The problem: Only the lines from the top of the data through the line containing "Jedal Alquileres SILLA" should be duplicated, exactly as they appear.

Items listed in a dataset
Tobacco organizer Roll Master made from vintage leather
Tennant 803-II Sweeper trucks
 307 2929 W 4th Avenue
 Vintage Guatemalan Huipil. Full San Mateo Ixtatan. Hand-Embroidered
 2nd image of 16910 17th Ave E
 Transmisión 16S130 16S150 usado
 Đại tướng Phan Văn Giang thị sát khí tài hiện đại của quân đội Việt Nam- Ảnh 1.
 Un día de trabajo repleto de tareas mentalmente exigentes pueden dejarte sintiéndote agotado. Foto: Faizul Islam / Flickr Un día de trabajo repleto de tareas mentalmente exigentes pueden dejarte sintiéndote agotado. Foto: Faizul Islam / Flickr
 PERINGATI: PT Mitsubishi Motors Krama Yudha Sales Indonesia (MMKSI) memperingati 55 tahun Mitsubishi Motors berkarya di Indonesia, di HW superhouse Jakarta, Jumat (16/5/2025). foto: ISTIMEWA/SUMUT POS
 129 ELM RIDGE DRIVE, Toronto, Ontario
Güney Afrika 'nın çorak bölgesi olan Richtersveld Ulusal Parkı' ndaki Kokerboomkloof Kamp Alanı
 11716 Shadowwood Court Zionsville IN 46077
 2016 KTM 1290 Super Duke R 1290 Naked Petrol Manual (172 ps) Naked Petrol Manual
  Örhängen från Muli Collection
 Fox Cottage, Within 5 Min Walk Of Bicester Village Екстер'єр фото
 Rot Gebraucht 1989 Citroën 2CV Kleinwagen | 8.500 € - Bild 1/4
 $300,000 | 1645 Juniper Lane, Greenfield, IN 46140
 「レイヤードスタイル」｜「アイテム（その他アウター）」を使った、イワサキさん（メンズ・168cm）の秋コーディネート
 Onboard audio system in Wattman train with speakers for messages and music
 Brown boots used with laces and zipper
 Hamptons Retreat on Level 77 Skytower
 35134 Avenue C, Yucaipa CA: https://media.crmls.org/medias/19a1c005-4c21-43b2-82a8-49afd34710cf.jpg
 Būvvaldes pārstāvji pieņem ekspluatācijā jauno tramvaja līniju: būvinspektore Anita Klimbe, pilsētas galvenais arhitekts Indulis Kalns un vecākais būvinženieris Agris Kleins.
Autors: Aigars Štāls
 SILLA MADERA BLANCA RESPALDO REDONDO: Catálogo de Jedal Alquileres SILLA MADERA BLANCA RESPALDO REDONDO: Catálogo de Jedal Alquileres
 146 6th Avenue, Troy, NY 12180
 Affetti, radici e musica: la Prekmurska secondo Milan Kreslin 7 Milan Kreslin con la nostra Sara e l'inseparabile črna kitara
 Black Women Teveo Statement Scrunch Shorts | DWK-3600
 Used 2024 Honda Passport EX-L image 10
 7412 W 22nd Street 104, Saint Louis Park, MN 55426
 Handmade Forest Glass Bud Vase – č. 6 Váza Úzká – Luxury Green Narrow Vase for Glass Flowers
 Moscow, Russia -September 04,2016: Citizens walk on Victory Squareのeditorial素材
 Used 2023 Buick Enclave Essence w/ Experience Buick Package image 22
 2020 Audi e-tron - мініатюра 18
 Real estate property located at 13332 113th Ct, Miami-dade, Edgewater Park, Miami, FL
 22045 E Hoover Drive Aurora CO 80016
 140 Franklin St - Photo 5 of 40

Response below:
Tobacco organizer Roll Master made from vintage leather
Tennant 803-II Sweeper trucks
 307 2929 W 4th Avenue
 Vintage Guatemalan Huipil. Full San Mateo Ixtatan. Hand-Embroidered
 2nd image of 16910 17th Ave E
 Transmisión 16S130 16S150 usado
 Đại tướng Phan Văn Giang thị sát khí tài hiện đại của quân đội Việt Nam- Ảnh 1.
 Un día de trabajo repleto de tareas mentalmente exigentes pueden dejarte sintiéndote agotado. Foto: Faizul Islam / Flickr Un día de trabajo repleto de tareas mentalmente exigentes pueden dejarte sintiéndote agotado. Foto: Faizul Islam / Flickr
 PERINGATI: PT Mitsubishi Motors Krama Yudha Sales Indonesia (MMKSI) memperingati 55 tahun Mitsubishi Motors berkarya di Indonesia, di HW superhouse Jakarta, Jumat (16/5/2025). foto: ISTIMEWA/SUMUT POS
 129 ELM RIDGE DRIVE, Toronto, Ontario
Güney Afrika 'nın çorak bölgesi olan Richtersveld Ulusal Parkı' ndaki Kokerboomkloof Kamp Alanı
 11716 Shadowwood Court Zionsville IN 46077
 2016 KTM 1290 Super Duke R 1290 Naked Petrol Manual (172 ps) Naked Petrol Manual
  Örhängen från Muli Collection
 Fox Cottage, Within 5 Min Walk Of Bicester Village Екстер'єр фото
 Rot Gebraucht 1989 Citroën 2CV Kleinwagen | 8.500 € - Bild 1/4
 $300,000 | 1645 Juniper Lane, Greenfield, IN 46140
 「レイヤードスタイル」｜「アイテム（その他アウター）」を使った、イワサキさん（メンズ・168cm）の秋コーディネート
 Onboard audio system in Wattman train with speakers for messages and music
 Brown boots used with laces and zipper
 Hamptons Retreat on Level 77 Skytower
 35134 Avenue C, Yucaipa CA: https://media.crmls.org/medias/19a1c005-4c21-43b2-82a8-49afd34710cf.jpg
 Būvvaldes pārstāvji pieņem ekspluatācijā jauno tramvaja līniju: būvinspektore Anita Klimbe, pilsētas galvenais arhitekts Indulis Kalns un vecākais būvinženieris Agris Kleins.
Autors: Aigars Štāls
 SILLA MADERA BLANCA RESPALDO REDONDO: Catálogo de Jedal Alquileres SILLA MADERA BLANCA RESPALDO REDONDO: Catálogo de Jedal Alquileres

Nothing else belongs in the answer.